● **WHAT THE TASK ASKS**: Your task is to write out all of the records once more, exactly.
- - - - - - -
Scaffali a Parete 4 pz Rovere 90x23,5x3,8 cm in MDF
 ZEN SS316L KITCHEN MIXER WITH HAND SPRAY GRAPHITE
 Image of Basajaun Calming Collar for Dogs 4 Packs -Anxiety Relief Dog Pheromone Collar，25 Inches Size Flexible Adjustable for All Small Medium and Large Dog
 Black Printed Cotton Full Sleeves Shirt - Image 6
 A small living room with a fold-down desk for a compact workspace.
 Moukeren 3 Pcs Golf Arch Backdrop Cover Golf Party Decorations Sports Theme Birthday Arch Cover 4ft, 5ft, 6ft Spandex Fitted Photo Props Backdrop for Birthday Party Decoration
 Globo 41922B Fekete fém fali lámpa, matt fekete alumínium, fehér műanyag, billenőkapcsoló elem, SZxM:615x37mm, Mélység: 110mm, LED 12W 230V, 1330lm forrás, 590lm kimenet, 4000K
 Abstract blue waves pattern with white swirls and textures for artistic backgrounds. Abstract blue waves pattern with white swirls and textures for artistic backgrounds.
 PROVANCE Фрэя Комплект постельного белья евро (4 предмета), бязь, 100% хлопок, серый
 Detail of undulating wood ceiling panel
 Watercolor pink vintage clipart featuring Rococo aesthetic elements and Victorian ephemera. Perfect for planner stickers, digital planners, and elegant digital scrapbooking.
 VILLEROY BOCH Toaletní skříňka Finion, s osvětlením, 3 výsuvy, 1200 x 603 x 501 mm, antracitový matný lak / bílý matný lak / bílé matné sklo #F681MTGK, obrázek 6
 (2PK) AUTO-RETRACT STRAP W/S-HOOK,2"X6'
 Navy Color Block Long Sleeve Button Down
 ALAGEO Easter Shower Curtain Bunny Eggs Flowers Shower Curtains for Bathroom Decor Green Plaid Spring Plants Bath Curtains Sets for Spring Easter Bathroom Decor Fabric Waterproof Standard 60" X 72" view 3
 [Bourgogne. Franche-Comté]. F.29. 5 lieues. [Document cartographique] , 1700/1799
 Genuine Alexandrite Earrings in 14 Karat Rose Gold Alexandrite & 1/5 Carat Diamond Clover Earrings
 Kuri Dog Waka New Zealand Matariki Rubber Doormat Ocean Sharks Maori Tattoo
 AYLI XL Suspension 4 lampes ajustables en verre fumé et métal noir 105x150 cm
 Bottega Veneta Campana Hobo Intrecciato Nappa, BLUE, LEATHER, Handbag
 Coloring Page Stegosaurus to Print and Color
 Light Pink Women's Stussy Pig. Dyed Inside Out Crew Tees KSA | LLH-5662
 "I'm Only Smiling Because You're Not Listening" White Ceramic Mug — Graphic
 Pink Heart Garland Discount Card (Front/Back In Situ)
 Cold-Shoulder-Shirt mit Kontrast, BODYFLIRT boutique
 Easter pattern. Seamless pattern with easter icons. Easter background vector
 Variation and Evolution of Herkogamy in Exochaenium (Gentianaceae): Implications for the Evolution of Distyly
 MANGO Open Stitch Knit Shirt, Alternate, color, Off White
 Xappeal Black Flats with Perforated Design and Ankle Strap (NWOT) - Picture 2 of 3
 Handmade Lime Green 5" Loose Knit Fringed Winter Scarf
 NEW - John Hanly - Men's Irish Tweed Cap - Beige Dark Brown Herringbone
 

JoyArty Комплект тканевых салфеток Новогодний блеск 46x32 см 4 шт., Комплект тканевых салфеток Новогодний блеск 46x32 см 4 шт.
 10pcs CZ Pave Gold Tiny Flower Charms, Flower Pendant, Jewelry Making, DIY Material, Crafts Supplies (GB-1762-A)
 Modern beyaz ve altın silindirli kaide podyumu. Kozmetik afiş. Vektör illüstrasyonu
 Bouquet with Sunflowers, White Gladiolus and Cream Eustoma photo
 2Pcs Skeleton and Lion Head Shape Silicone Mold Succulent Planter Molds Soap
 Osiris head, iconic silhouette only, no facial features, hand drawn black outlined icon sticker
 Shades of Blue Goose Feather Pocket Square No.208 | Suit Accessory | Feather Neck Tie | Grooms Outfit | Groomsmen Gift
- - - - - - -
● **SOLVED EXERCISE**:
Scaffali a Parete 4 pz Rovere 90x23,5x3,8 cm in MDF
 ZEN SS316L KITCHEN MIXER WITH HAND SPRAY GRAPHITE
 Image of Basajaun Calming Collar for Dogs 4 Packs -Anxiety Relief Dog Pheromone Collar，25 Inches Size Flexible Adjustable for All Small Medium and Large Dog
 Black Printed Cotton Full Sleeves Shirt - Image 6
 A small living room with a fold-down desk for a compact workspace.
 Moukeren 3 Pcs Golf Arch Backdrop Cover Golf Party Decorations Sports Theme Birthday Arch Cover 4ft, 5ft, 6ft Spandex Fitted Photo Props Backdrop for Birthday Party Decoration
 Globo 41922B Fekete fém fali lámpa, matt fekete alumínium, fehér műanyag, billenőkapcsoló elem, SZxM:615x37mm, Mélység: 110mm, LED 12W 230V, 1330lm forrás, 590lm kimenet, 4000K
 Abstract blue waves pattern with white swirls and textures for artistic backgrounds. Abstract blue waves pattern with white swirls and textures for artistic backgrounds.
 PROVANCE Фрэя Комплект постельного белья евро (4 предмета), бязь, 100% хлопок, серый
 Detail of undulating wood ceiling panel
 Watercolor pink vintage clipart featuring Rococo aesthetic elements and Victorian ephemera. Perfect for planner stickers, digital planners, and elegant digital scrapbooking.
 VILLEROY BOCH Toaletní skříňka Finion, s osvětlením, 3 výsuvy, 1200 x 603 x 501 mm, antracitový matný lak / bílý matný lak / bílé matné sklo #F681MTGK, obrázek 6
 (2PK) AUTO-RETRACT STRAP W/S-HOOK,2"X6'
 Navy Color Block Long Sleeve Button Down
 ALAGEO Easter Shower Curtain Bunny Eggs Flowers Shower Curtains for Bathroom Decor Green Plaid Spring Plants Bath Curtains Sets for Spring Easter Bathroom Decor Fabric Waterproof Standard 60" X 72" view 3
 [Bourgogne. Franche-Comté]. F.29. 5 lieues. [Document cartographique] , 1700/1799
 Genuine Alexandrite Earrings in 14 Karat Rose Gold Alexandrite & 1/5 Carat Diamond Clover Earrings
 Kuri Dog Waka New Zealand Matariki Rubber Doormat Ocean Sharks Maori Tattoo
 AYLI XL Suspension 4 lampes ajustables en verre fumé et métal noir 105x150 cm
 Bottega Veneta Campana Hobo Intrecciato Nappa, BLUE, LEATHER, Handbag
 Coloring Page Stegosaurus to Print and Color
 Light Pink Women's Stussy Pig. Dyed Inside Out Crew Tees KSA | LLH-5662
 "I'm Only Smiling Because You're Not Listening" White Ceramic Mug — Graphic
 Pink Heart Garland Discount Card (Front/Back In Situ)
 Cold-Shoulder-Shirt mit Kontrast, BODYFLIRT boutique
 Easter pattern. Seamless pattern with easter icons. Easter background vector
 Variation and Evolution of Herkogamy in Exochaenium (Gentianaceae): Implications for the Evolution of Distyly
 MANGO Open Stitch Knit Shirt, Alternate, color, Off White
 Xappeal Black Flats with Perforated Design and Ankle Strap (NWOT) - Picture 2 of 3
 Handmade Lime Green 5" Loose Knit Fringed Winter Scarf
 NEW - John Hanly - Men's Irish Tweed Cap - Beige Dark Brown Herringbone
 

JoyArty Комплект тканевых салфеток Новогодний блеск 46x32 см 4 шт., Комплект тканевых салфеток Новогодний блеск 46x32 см 4 шт.
 10pcs CZ Pave Gold Tiny Flower Charms, Flower Pendant, Jewelry Making, DIY Material, Crafts Supplies (GB-1762-A)
 Modern beyaz ve altın silindirli kaide podyumu. Kozmetik afiş. Vektör illüstrasyonu
 Bouquet with Sunflowers, White Gladiolus and Cream Eustoma photo
 2Pcs Skeleton and Lion Head Shape Silicone Mold Succulent Planter Molds Soap
 Osiris head, iconic silhouette only, no facial features, hand drawn black outlined icon sticker
 Shades of Blue Goose Feather Pocket Square No.208 | Suit Accessory | Feather Neck Tie | Grooms Outfit | Groomsmen Gift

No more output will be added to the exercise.